Retailers: You’re Making It Hard For Me To Buy Stuff From You
Our home color printer, an HP Photosmart 8250 will soon have its seventh birthday. In inkjet printer years, that’s positively ancient. Prior to that I’ve never had an inkjet printer last more than three years; I had a dot-matrix printer that lasted more than ten, but that was in the 1980s, when dinosaurs ruled the earth.
This HP was also relatively expensive too, as printers for the home market go. Although bear in mind that printer companies subscribe to the same marketing philosophy of razor manufacturers, who pioneered the concept of selling the razor handle cheap and making all the money on replacement blades: home printers are sold inexpensively, because all the profit comes from selling ink cartridges.
Until, of course, the day comes when you can’t find them anywhere.
Costco, where I used to get them, dropped HP’s 02-type cartridges from their shelves over a year ago, and now they’ve disappeared from my local Walmart and Staples stores.

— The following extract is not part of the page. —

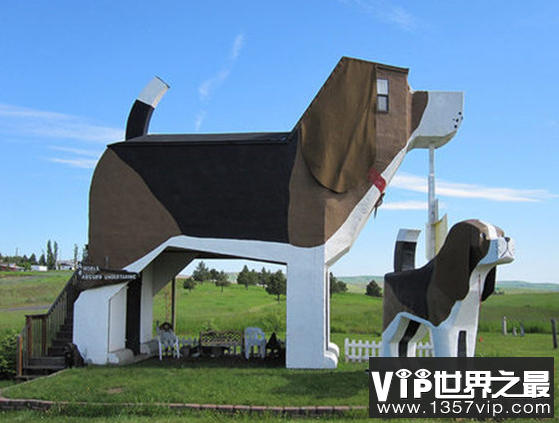 世界上最奇怪的酒店形象是建在树上的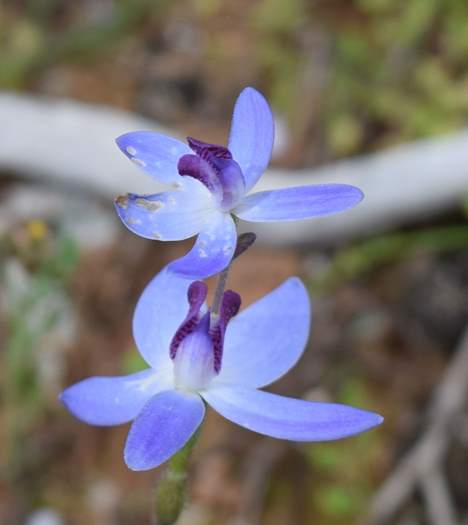 Cyanicula - Orchid-blue-fairy-2-Orchid-Ridge-Sep-2018p0007.JPG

At the moment, I can still find official HP print cartridges on Amazon.ca, but the question is: for how long? Until then, I still need them.
I can understand retailers no longer stocking print cartridges once the manufacturer stops producing them, but given that there are still legacy printers out there that require support, not stocking in-production cartridges, even for a seven year old printer, seems short sighted.
After all, not only am I not the only one who needs them, if you stock them, that’s going to get me into your store, and there’s an excellent chance that if I’m there anyway I’ll probably buy something else at the same time.
In this case, ceding your retail bricks and mortar business to Amazon.ca smacks of giving up.
I already buy plenty of stuff on Amazon, like many people. As a retailer you really don’t want to give us customers any more reason to shop online more than we already do.
For a category managers, don’t just look at the number of turns you can make on 02 or any other older printer cartridges, ask yourself, are they still profitable, and will they lure traffic into your stores? The answer to both those questions is yes.